For each line of the data below that contains "background", return that line.

= Material supplied =
=====
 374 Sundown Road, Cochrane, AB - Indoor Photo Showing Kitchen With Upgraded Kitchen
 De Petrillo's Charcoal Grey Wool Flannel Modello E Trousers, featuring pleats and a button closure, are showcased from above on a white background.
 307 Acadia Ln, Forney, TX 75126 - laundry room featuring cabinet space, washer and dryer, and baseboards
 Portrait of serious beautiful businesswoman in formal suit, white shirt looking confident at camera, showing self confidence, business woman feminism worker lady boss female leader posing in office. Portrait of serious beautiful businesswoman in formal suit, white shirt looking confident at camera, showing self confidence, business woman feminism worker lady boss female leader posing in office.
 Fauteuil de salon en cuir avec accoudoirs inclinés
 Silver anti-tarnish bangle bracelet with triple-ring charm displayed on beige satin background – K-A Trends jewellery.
=====
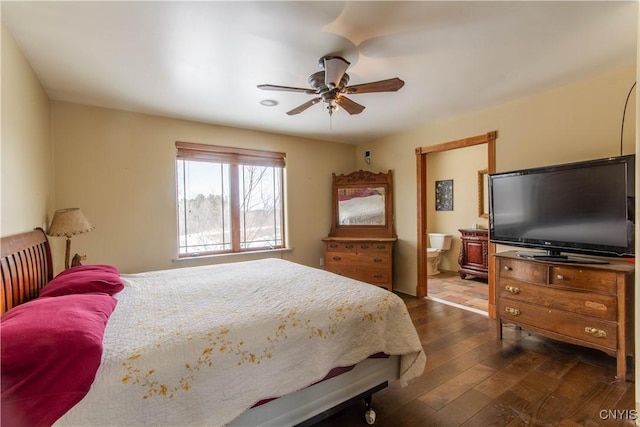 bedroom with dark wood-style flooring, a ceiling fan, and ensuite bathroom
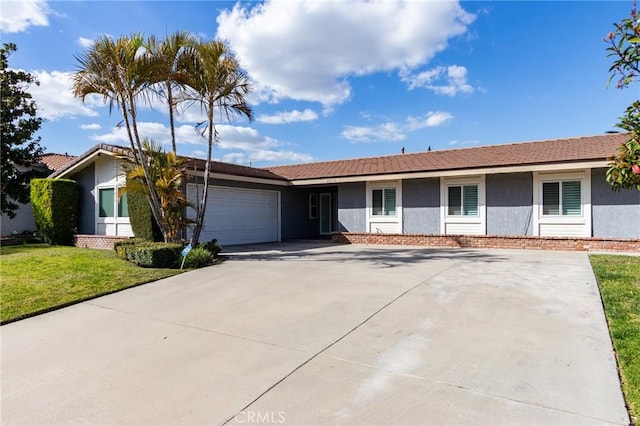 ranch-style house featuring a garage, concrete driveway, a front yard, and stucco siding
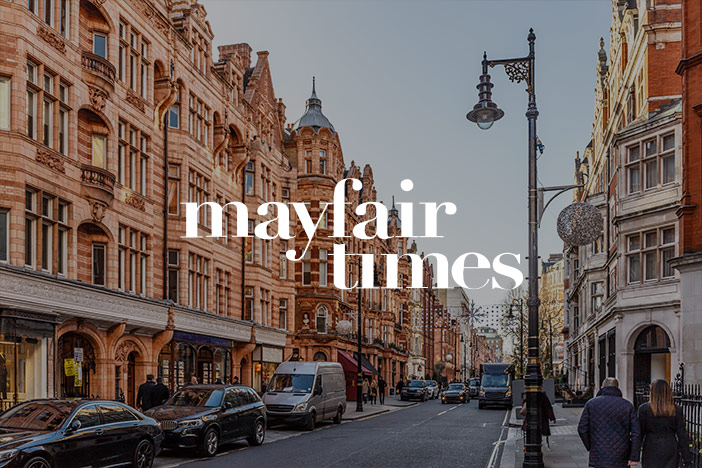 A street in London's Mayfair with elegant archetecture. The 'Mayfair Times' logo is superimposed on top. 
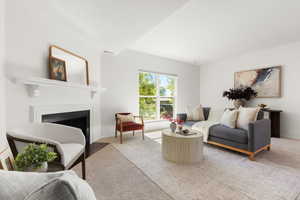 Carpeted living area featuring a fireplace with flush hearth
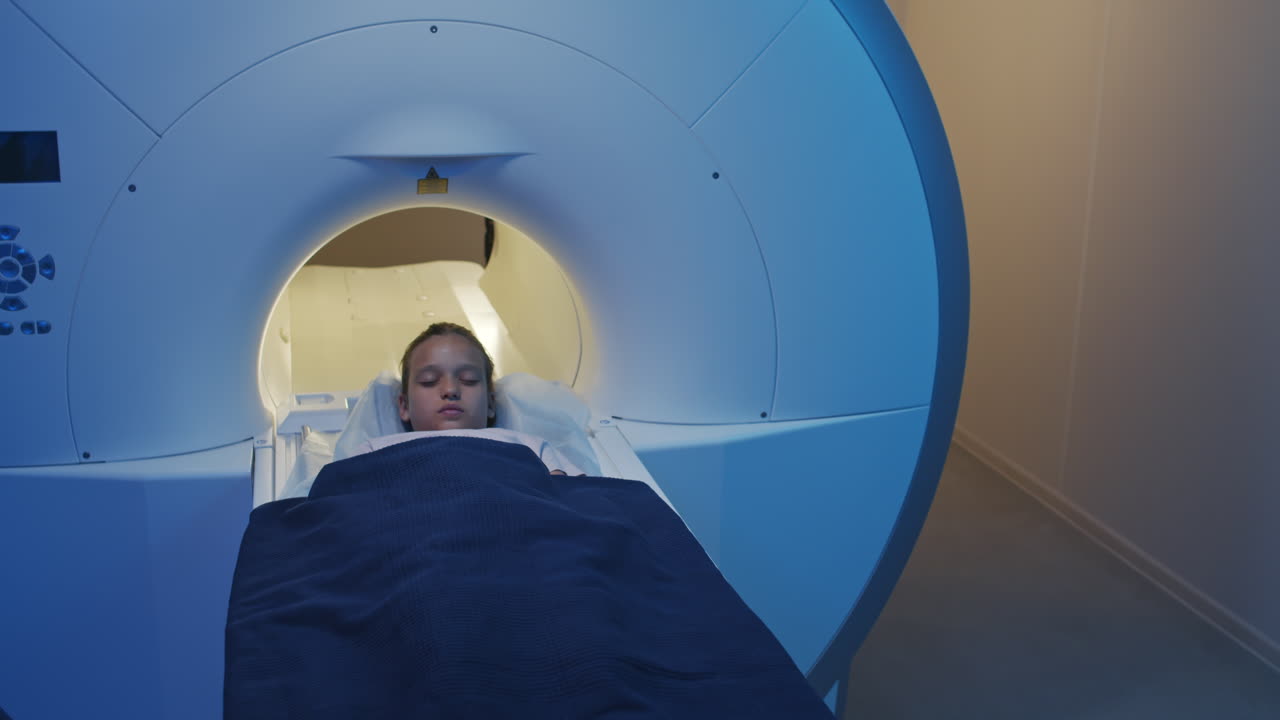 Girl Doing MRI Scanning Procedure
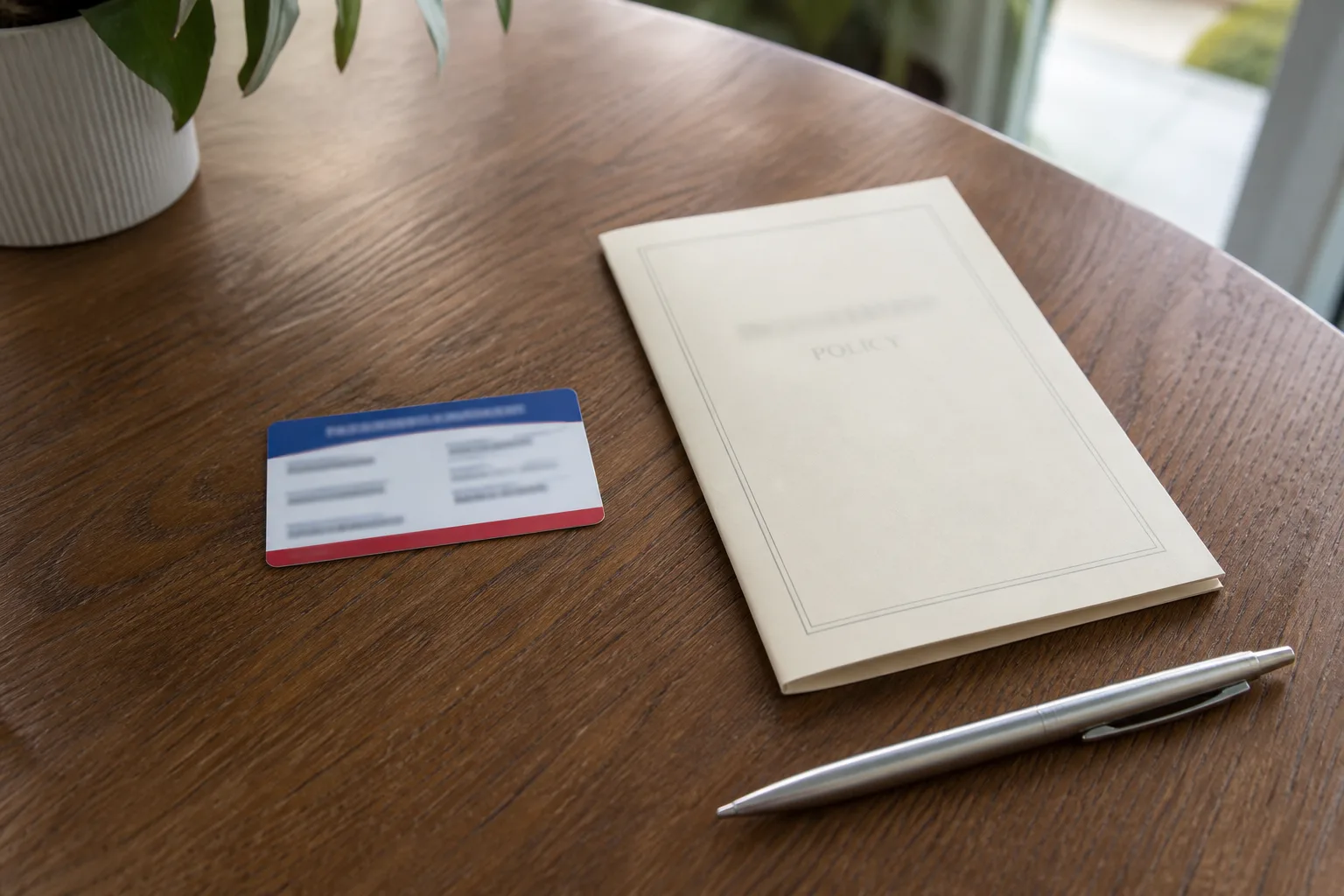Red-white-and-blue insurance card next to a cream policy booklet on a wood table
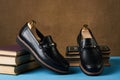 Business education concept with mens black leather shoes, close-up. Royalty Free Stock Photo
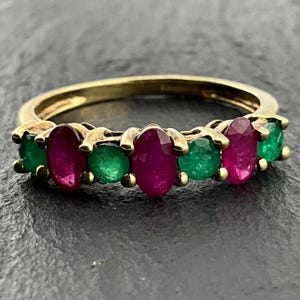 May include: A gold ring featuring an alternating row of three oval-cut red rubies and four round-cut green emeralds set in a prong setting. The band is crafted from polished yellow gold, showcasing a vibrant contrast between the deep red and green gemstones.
=====
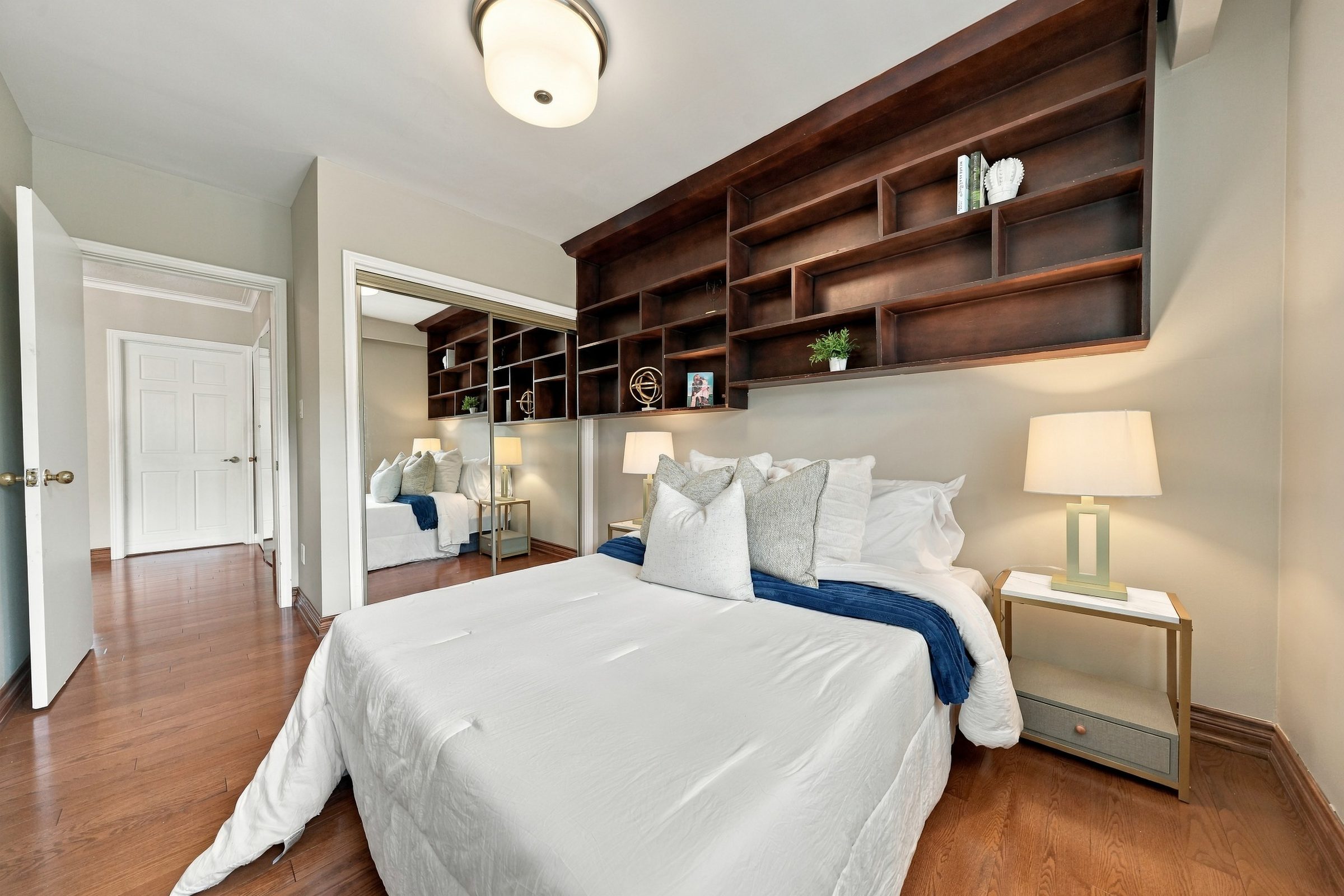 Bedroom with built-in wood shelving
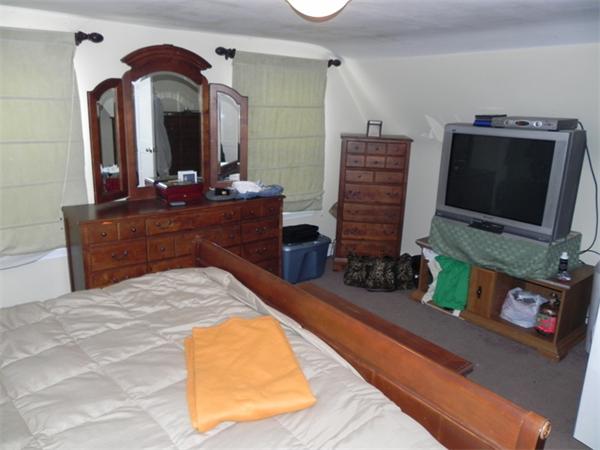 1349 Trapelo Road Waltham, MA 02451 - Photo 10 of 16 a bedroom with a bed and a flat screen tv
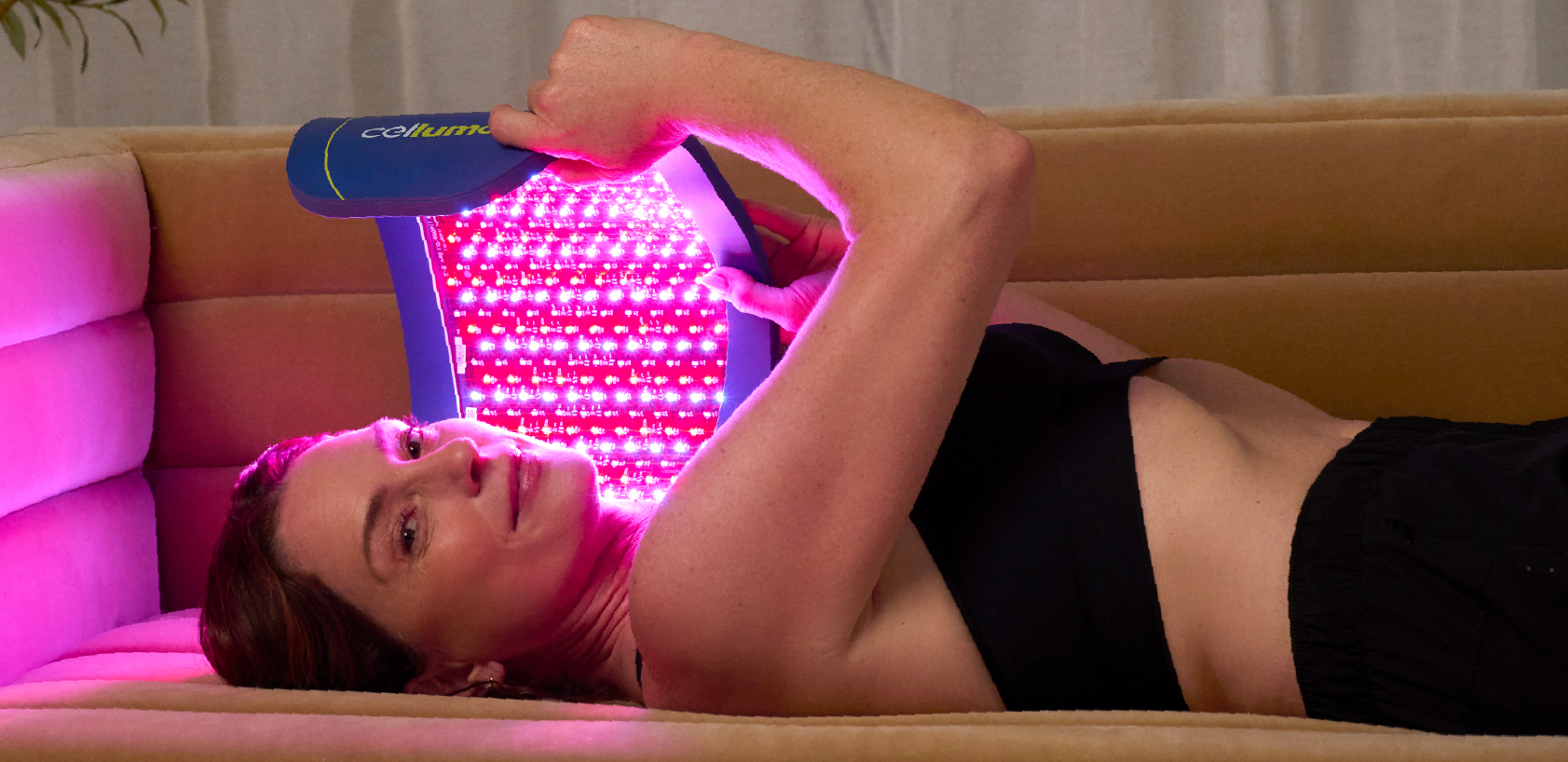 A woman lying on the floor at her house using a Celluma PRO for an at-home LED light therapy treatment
=====
= Output below =
 De Petrillo's Charcoal Grey Wool Flannel Modello E Trousers, featuring pleats and a button closure, are showcased from above on a white background.
 Silver anti-tarnish bangle bracelet with triple-ring charm displayed on beige satin background – K-A Trends jewellery.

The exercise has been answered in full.